CS-4345/6345

Student questions about the Introduction to Quantum Computing Course

I've received many questions about the Spring Quantum Computing course that I'm answering here:
  • What is the quantum computing about and why is it important?
    Quantum computing is a new, exciting, and somewhat strange computing platform that works very differently than conventional computing. All the big industry players have quantum groups now, and governments around the world are investing significantly in a $10B race to develop quantum computing. The hope is that it offers an entirely new way to compute and that it can solve some problems that cannot be reasonably solved on conventional computers. One example is breaking certain kinds of cryptography. Shor's celebrated quantum algorithm (which we will explain in the course) shows how to break conventional crypto in polynomial-time (i.e., efficiently), something thought to be impossible with conventional hardware.

  • What will the course cover?
    The goal of the course is to learn how quantum computing works and to prepare students with the foundation for employment, research, or further study in the field. Even if you don't pursue this field, you will at least be prepared to work with those who do, and be positioned for a quantum future. The topics include: how exactly does quantum computing exploit the strange quantum properties of matter to perform computations? What does it mean to write a quantum computing program? How does quantum computing break conventional cryptography, and why is a quantum network far more secure? What is meant by quantum teleportation and entanglement? What did Einstein get wrong? (The famous EPR paradox and its resolution).

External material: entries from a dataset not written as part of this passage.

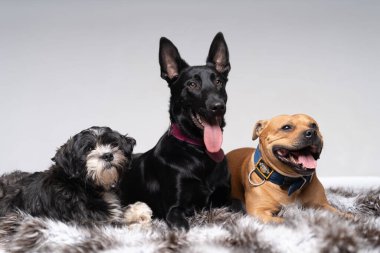Tibet Teriyeri, Staffordshire ve Alman çoban köpeği.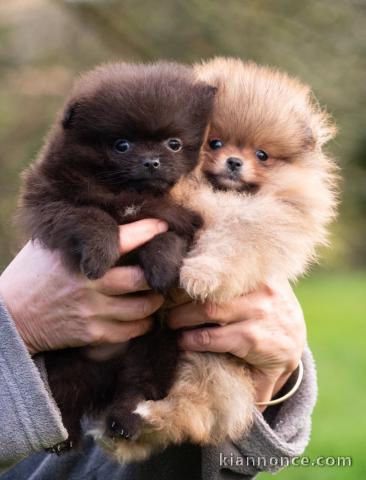 chiot type spitz allemand 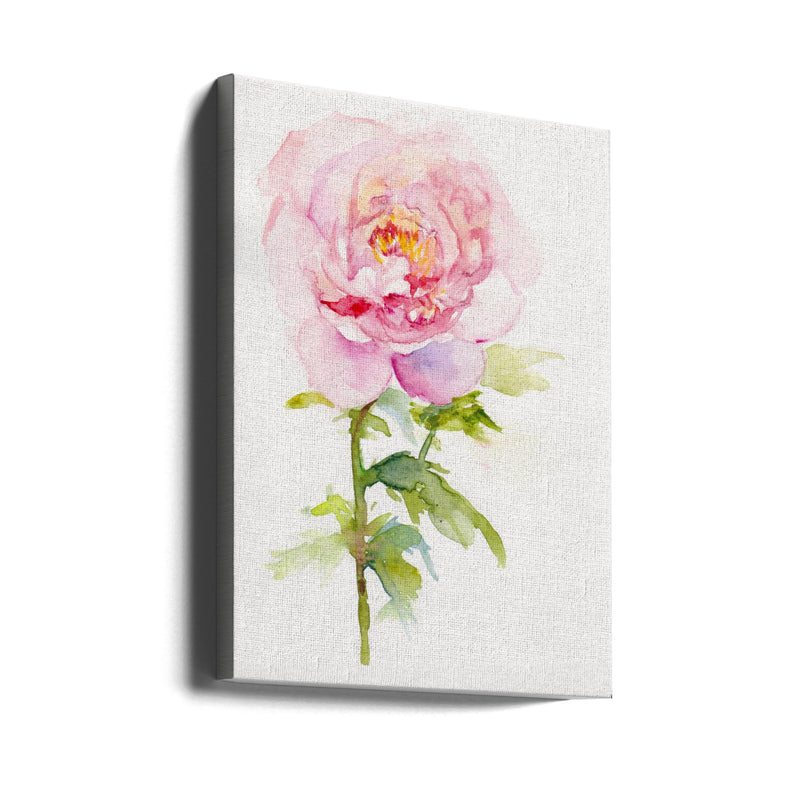 Peony November - Stretched Canvas, Poster or Fine Art Print I Heart Wall Art
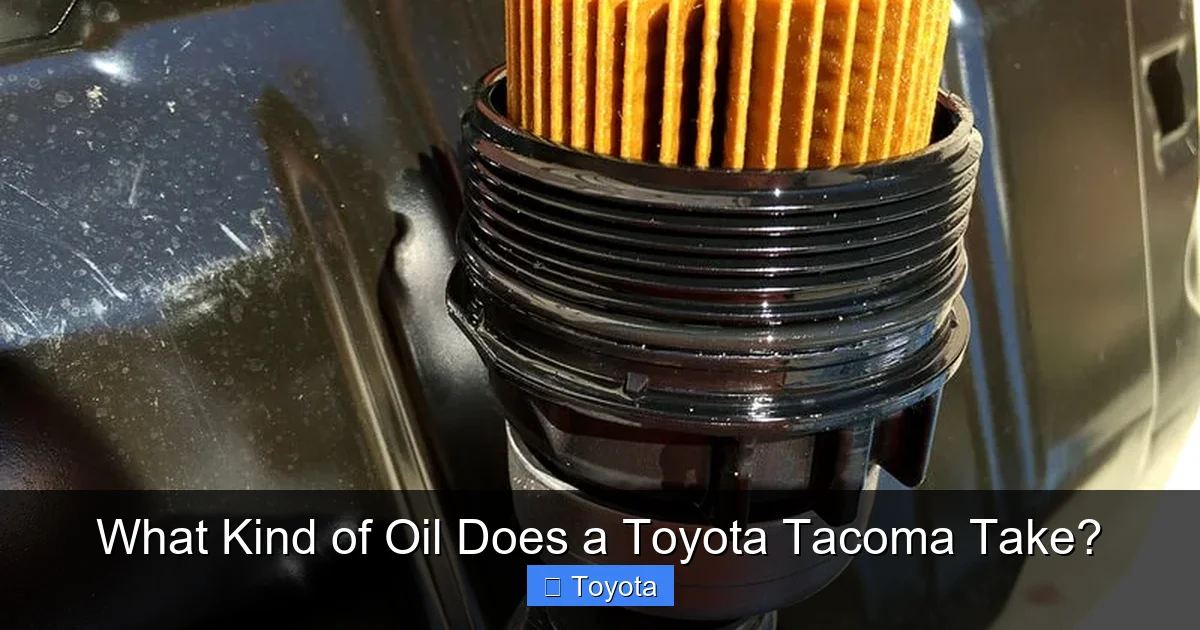 What Kind of Oil Does a Toyota Tacoma Take?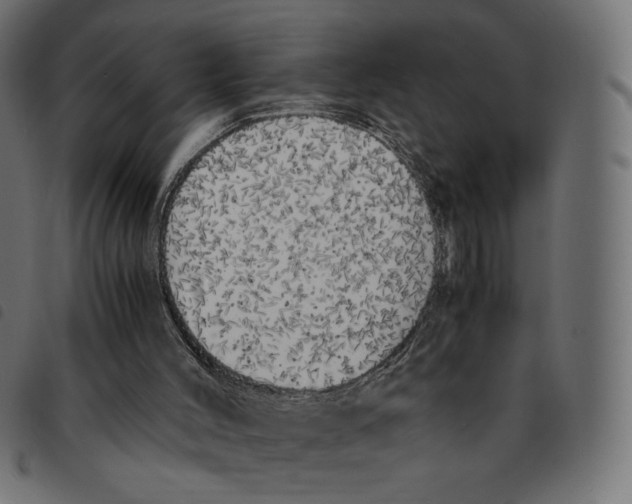 X0000092330004200710121543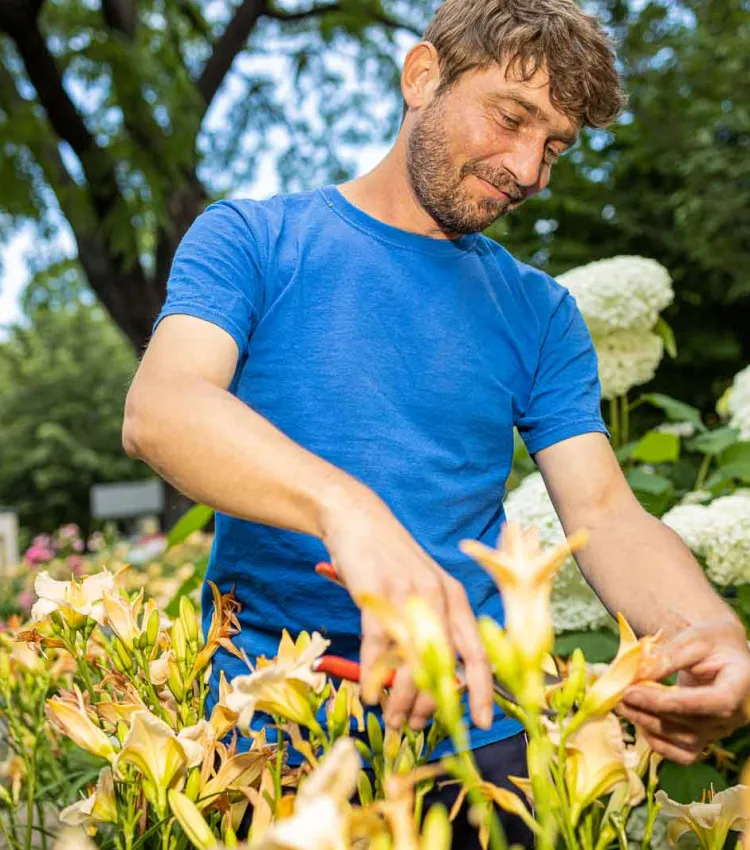 Stellenangebot: Gärtner bei OBACHT Dresden
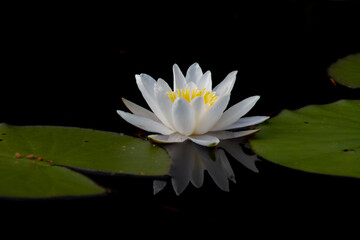 Nymphaea alba, the white waterlily, European white water lily or white nenuphar  is an aquatic flowering plant in the family Nymphaeaceae - obrazy, fototapety, plakaty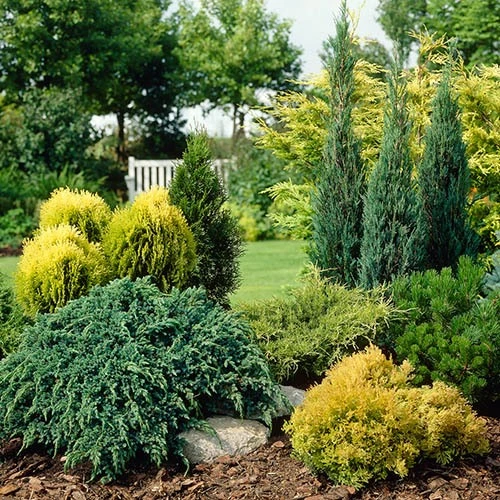 Evergreen Hardy Dwarf Conifer Collection 4 Evergreen Hardy Dwarf Conifer Collection - Image 2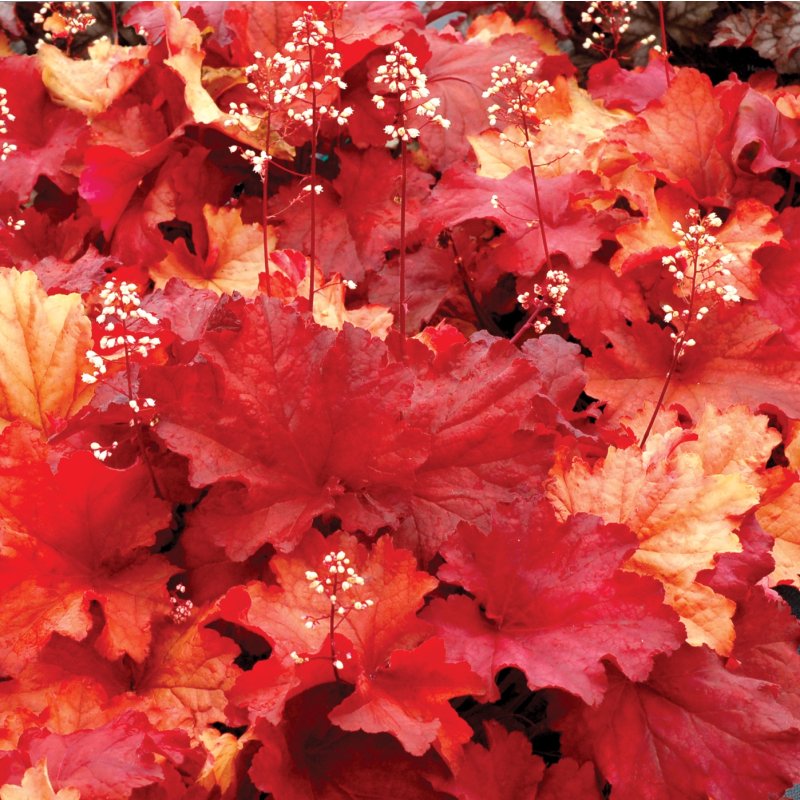 Heuchera ‘Rio’ – Tűzeső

  • What is the workload in the course?
    This is an elective with a relatively low workload because of the novel and conceptually challenging nature of the material. If you've taken my linear algebra course (CS-4342/6342), the workload in the quantum course is 30% of the workload in CS-4342/6342. (The number of module exercises in the quantum course is less than 30% of the module exercises in CS-4342.) It is certainly a lot less than in a core CS course like Algorithms. Most of the work is in the first half of the semester. Amongst all the courses I teach, it has by far the least workload.

  • What will be expected of students in the course?
    If you've taken a course with me, you know that there are modules with module exercises, several of which will be solved in class itself. Apart from this, there will be some note-taking and we'll have either a final project or a term-paper or an exam (still TBD).

  • Is there programming in the course?
    None, unless you opt to do so in your final project (assuming we go that route).

  • What prerequisites will I need?
    You need to have taken an undergraduate course in Linear Algebra and be willing to "do math". This is a theory course.

  • What parts of linear algebra will be needed?
    We'll need vectors, matrices, orthogonality (definitions) and eigenvectors. Everything else will be developed in the course itself, and there will be a review of basic linear algebra.

  • Will I need physics?
    No physics is required, nor anything other than linear algebra. Prior course offerings have had undergraduates from computer science, physics, math, stats, all of whom were fine in the course. There will be some physics described (for illustration) but none in submitted or assessed work.

  • Will I need a course in security or cryptography?
    No background is needed. We will introduce concepts as needed.

  • When is the course typically offered?
    Every Spring.

  • Will Q-Day happen in the near future?
    Nobody knows, but governments are ramping up to prepare for it.